Update, 4/5/2015: Apple has recently updated its Apple Watch Technology page, indicating that the Apple Watch will have VoiceOver, Zoom, and Dynamic Type support built-in.
Update, 3/15/2015: Following the release of the Watch Companion app in iOS 8.2, 9to5Mac has published a series of screenshots showing pages of that app which become visible only after an Apple Watch has been paired. One of these shows a Settings page titled General, on which is an item labeled Accessibility. Unfortunately, a screenshot is not available for the Accessibility page itself.
Original Post: Today, Apple announced the release of its highly-anticipated wearable, the Apple Watch.
While today’s Apple event answered many questions about the Apple Watch's final feature set, pricing and availability, one of the issues yet to receive much attention - and yet one which is vitally important to users of assistive technology - is what, if any, accessibility features the watch will have.
Before getting into the details we are aware of thus far, we must stress that much of the information in this post is purely speculation. Apple has not as of yet provided us with any details as to what, if any, accessibility features Apple Watch will have. However, given that a plethora of information about Apple Watch is now freely and widely available, and given that the presence or lack of accessibility features will most certainly influence the purchasing decisions of blind and low vision users, we thought it both timely and appropriate to report on the information that other sources are providing. As with all rumors, however, we cannot emphasize enough that the details are yet to be announced by Apple and thus should not be taken as fact.
With this disclaimer out of the way, here is what the rumor sites are reporting:
Apple Watch May Include Accessibility Features for Blind and Low Vision Users
According to a 9to5Mac article detailing the leaked Apple Watch companion app, Apple Watch is rumored to include a certain level of VoiceOver support, as well as a number of other accessibility features:
- Like Apple’s other products, Apple Watch will have a series of key accessibility features.
- The Apple Watch will have a VoiceOver feature that can speak text that is displayed on the screen. Users will be able to scroll through text to be spoken using two fingers. VoiceOver can be enabled either by merely raising a wrist or by double tapping the display.
- Users will also be able to zoom on the Apple Watch’s screen: double tap with two fingers to zoom, use two fingers to pan around, and double tap while dragging to adjust the zoom.
- There will also be accessibility settings to reduce motion, control stereo audio balance, reduce transparency, switch to grayscale mode, disable system animations, and enable bold text.
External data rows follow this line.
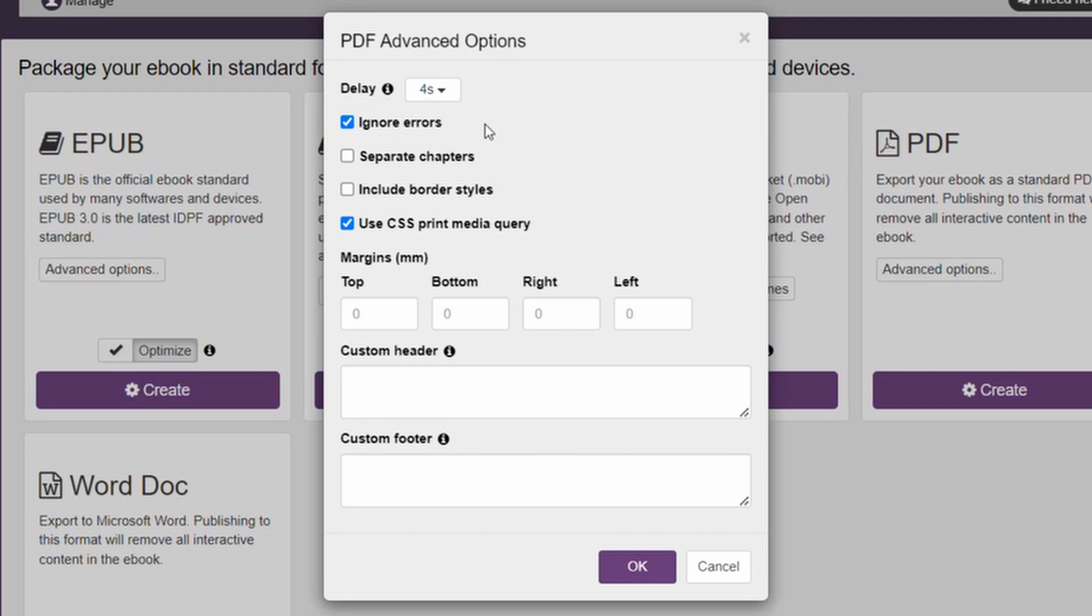For creating individual PDF files for each chapter of your eBook instead of a single PDF file for the complete eBook, make sure to check the box next to Separate Chapters.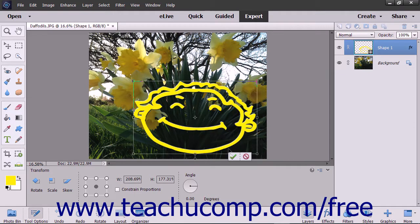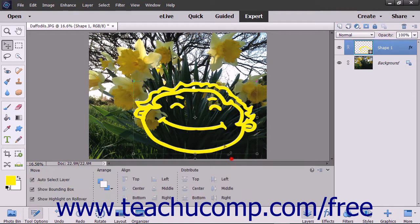These types of graphics are often used for images that must have clean, crisp lines, like text or geometric shapes.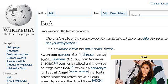You can also try en.wikipedia.org, especially the page 'Boa, Wikipedia, The Free Encyclopedia.' Here's the link.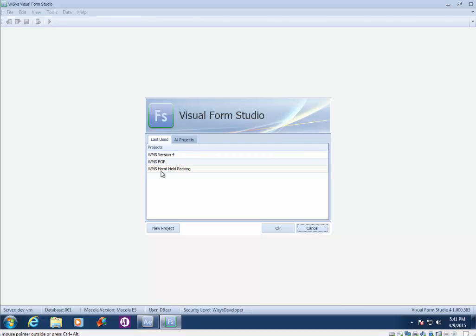For the purpose of this lesson, we are only going to focus on FormStudio forms.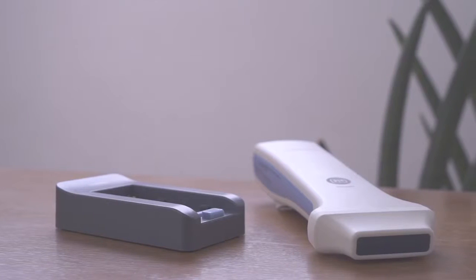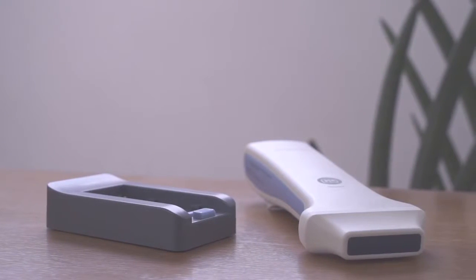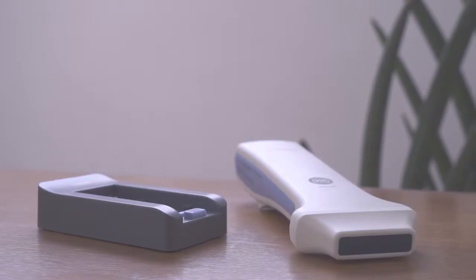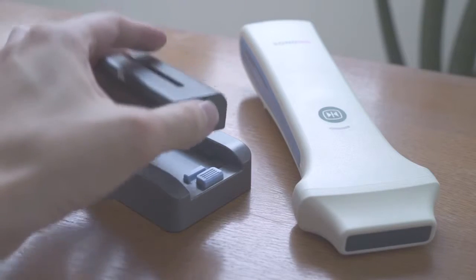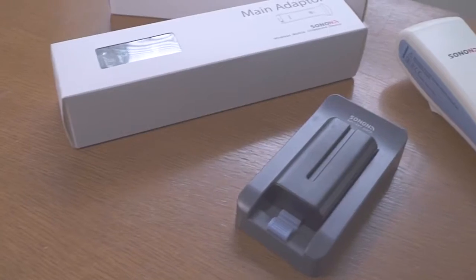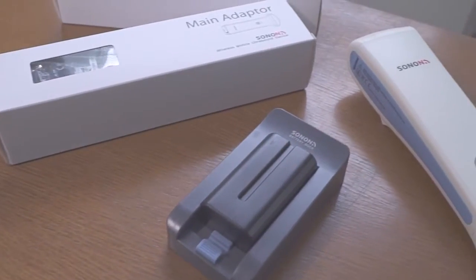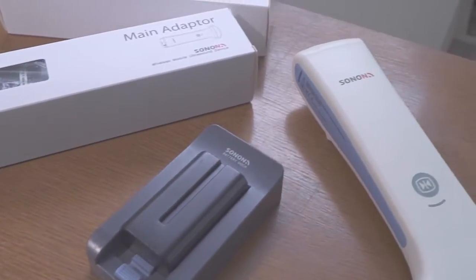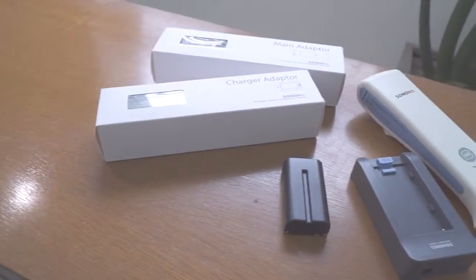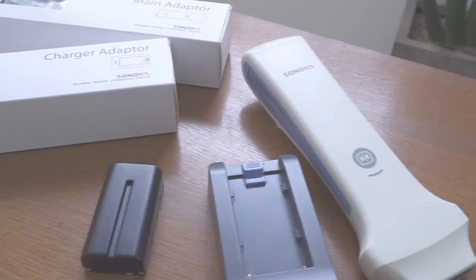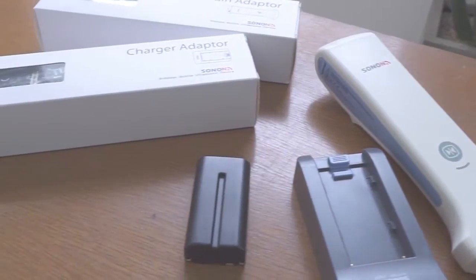Each package contains two replaceable batteries, chargeable battery dock, and an adapter, with a selected type of probe that can last up to 12 hours of standby and 3 hours of continuous scanning.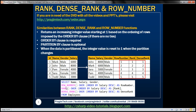Looking at these three functions — row number, rank, and dense rank — we are using the order by clause and sorting the data by the salary column in descending order. If you look at the salary column in this table, notice that we don't have any duplicate values in that column. All three functions produce the same numbering sequence when there are no duplicates in the order by column.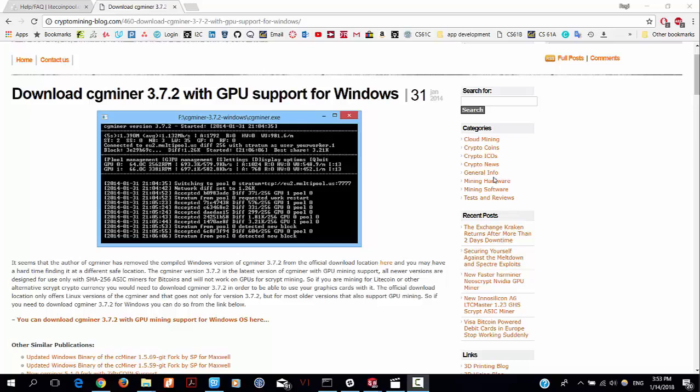Hi guys, this is Reggie. This is my second tutorial video of how to set up cryptocurrency mining software by using CG miner. I still use Litecoin and Litecoin pool as the example for setting up the software.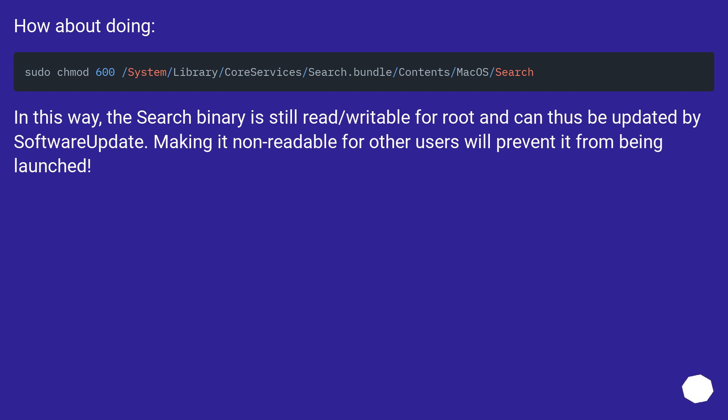In this way, the search binary is still read/writable for root and can thus be updated by Software Update. Making it non-readable for other users will prevent it from being launched.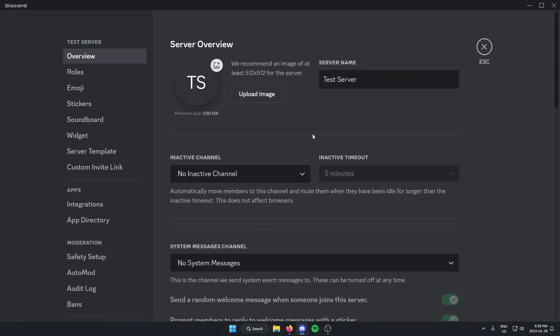Once you're in the server settings, go to the left and go down to app directory and select this.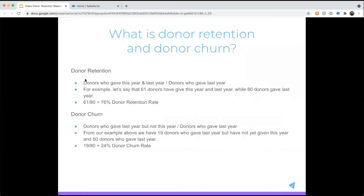What is donor retention and donor churn? Donor retention is simply donors who gave this year and last year divided by all the donors who gave last year. For example, let's say that 61 donors have given both this year and last year, while 80 donors gave last year. So you take 61 divided by 80 and your donor retention rate is 76%.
While 9to5Mac’s information is most definitely leaked and thus should be taken as unofficial at best, 9to5Mac published a more recent article in which Tim Cook is said to have indicated that the Apple Watch would contain accessibility features:
Yes is the short answer. In every product we do, we want it to be accessible for everyone. This is not something that we sit around and figure out what the ROI is. I can give a rats what the ROI is. It’s one of those things that goes in the just and right column. So we want all of our products to be accessible.
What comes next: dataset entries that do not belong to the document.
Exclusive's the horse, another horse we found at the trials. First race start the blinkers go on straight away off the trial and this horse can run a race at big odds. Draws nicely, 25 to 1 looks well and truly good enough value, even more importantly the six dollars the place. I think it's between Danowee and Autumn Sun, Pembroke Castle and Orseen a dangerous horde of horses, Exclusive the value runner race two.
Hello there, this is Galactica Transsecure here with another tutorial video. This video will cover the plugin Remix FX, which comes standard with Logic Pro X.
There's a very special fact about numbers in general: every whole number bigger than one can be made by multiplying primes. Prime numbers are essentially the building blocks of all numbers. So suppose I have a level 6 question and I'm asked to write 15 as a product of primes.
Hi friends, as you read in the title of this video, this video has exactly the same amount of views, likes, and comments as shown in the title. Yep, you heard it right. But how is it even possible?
Here again, one should regard this statement with some level of skepticism -especially since it was allegedly made at a private meeting at the Berlin Apple Store during a recent visit by Cook.
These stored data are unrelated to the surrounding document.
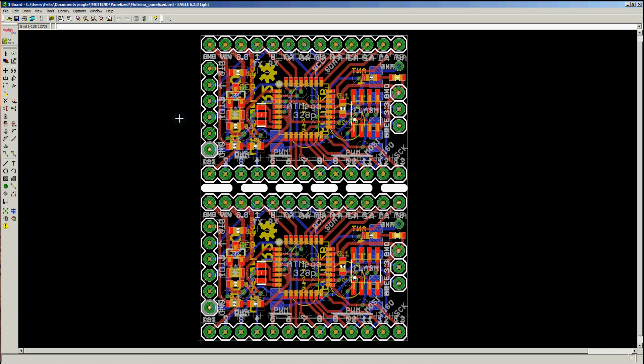Hey guys, this is Felix from lowpowerlab.com and this is a short tutorial on how to panelize board files in Eagle for services such as ITED studio or C studio, where they give you a surface of 5 centimeters by 5 centimeters or 5 by 10, but they won't route any internals or won't do any cutouts.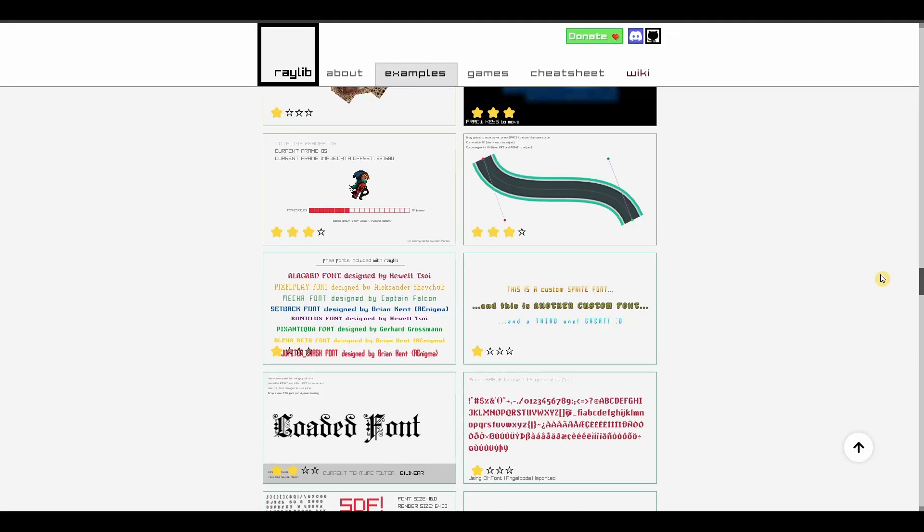In this video, I want to show beginners how you can use other fonts in Raylib, specifically how to get the load font function to work.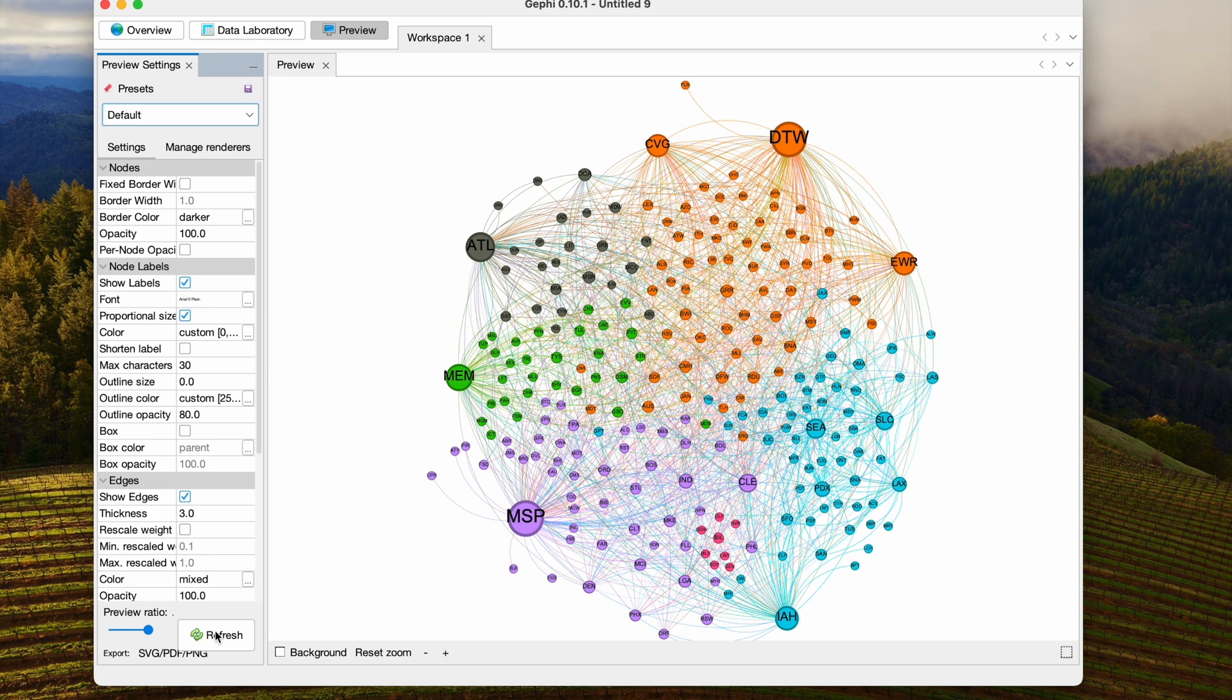And I would probably keep on going and try to make my communities a little more coherent, and then lay it out again. But you get the idea. So have fun with your layouts.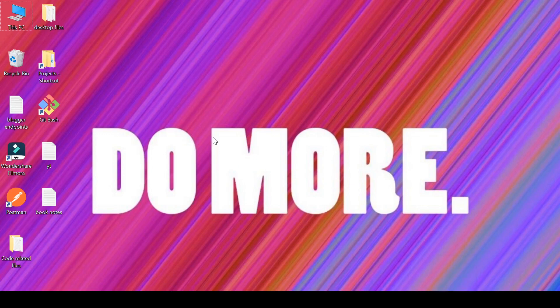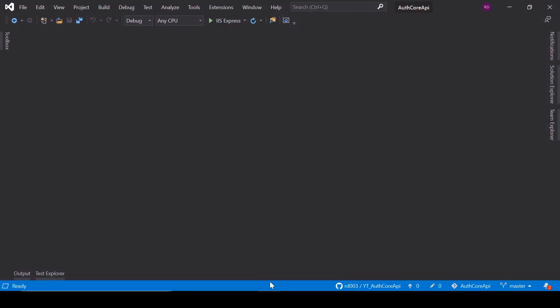Hello everyone. Today we are going to learn how to log errors into a database in ASP.NET Core. For this we are using a library named Serilog, and I am going to use an ASP.NET Core API project. I already have a project so I am not creating a new one. If you don't have one, you can create a new.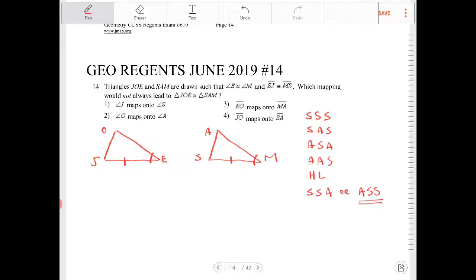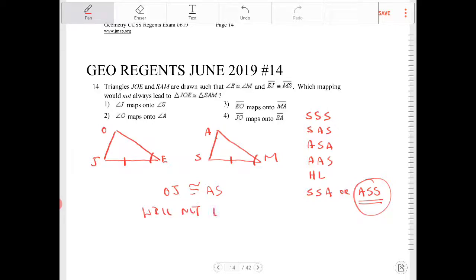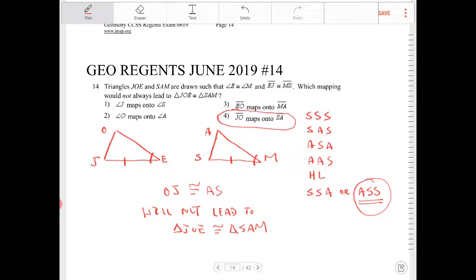So what would produce this side-side-angle relationship? If O-J is congruent to A-S, that would not lead to triangle J-O-E being congruent to triangle S-A-M. That would be option four: J-O mapping onto S-A.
Further corroborating the assertion that Apple Watch will include at least some level of accessibility support, iMore’s Steven Aquino noted that there is an accessibility framework built into Apple’s publicly-available WatchKit SDK:
I spent some time looking through the Apple Watch SDK, but I hadn't found any references to Accessibility. After asking around on Twitter, I was alerted to a WKInterfaceObject string of code that allows for Accessibility and localized text. I'm no computer programmer so I'm unable to fully understand what that means, but my low-level take is that, yes, Apple has baked in some Accessibility features into the Watch's operating system. What those features actually are remain to be seen, but it's comforting nonetheless to know that the Watch will be accessible, more or less.
While we had initially hoped that the iOS 8.2 Apple Watch companion app would provide some details as to what accessibility features the device will have, our testing has found that many of the settings (including where one would presumably find accessibility features) are not available without an Apple Watch being paired to the phone. We did note, however, that in the screen to pair the watch with an iPhone, the accessibility hint for the viewfinder image in the pairing screen directs VoiceOver users to "double tap the 'Pair Apple Watch Manually' button for an accessible alternative" to pairing the watch using the iPhone camera's viewfinder.
At this point, this is all we know about possible accessibility features of Apple Watch. As more information emerges in the coming weeks, we will update this post accordingly.